For example, a document about cooking will likely contain words such as "prepare", "ingredients", "chop", "bake" etc and these words will frequently in a cooking article but not in an article about banks. Of course other words such as "and", "the", "them" will appear frequently too. This is called "noise" which means that a computer has to have a way to determine that "and" and "the" contribute nothing to telling us what a document is about, whereas the words "ingredient" and "chop" do.
Inverse Document Frequency to the rescue, without going into detail, this method allows us to separate the wheat from the chaff and determine the importance of a word to a document, it does this by excluding words that appear very often among a set of documents (unrelated), so in a library, we would find millions of books containing "and" often but only a few hundred with "ingredient".

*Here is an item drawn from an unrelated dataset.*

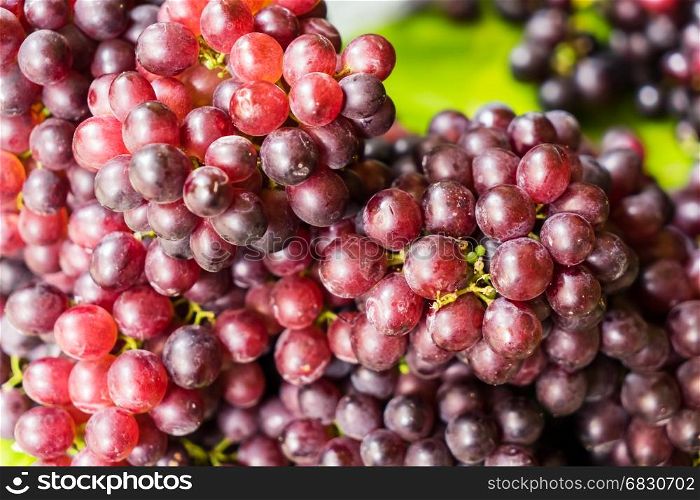 Red wine grapes background, dark grapes, blue grapes , Red Grape, Cardinal Grape , Emperor Grape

Applying this to malware analysis there are a number of techniques which are in the realm of "data mining" and "machine learning", again articles all of their own are needed for me to explain these with any level of detail, so I'll simply skip to two common implementations.
The most often used implementation is something called byte n-grams, a byte is a building block of the computer program and an n-gram is a representation of a series of objects. So now instead of looking for words such as "ingredient" in our files, we look for series of bytes which occur most commonly in malicious programs, for example let's say "4A 3B 2F 2F 3A" represents the word "machine gun" and evil a tool as it is, appears most frequently in backdoor trojans, looking for that series of bytes will flag the file to us as suspicious, and finding combinations of these byte signatures will allow us to be up to 98% sure that we have detected a malicious program.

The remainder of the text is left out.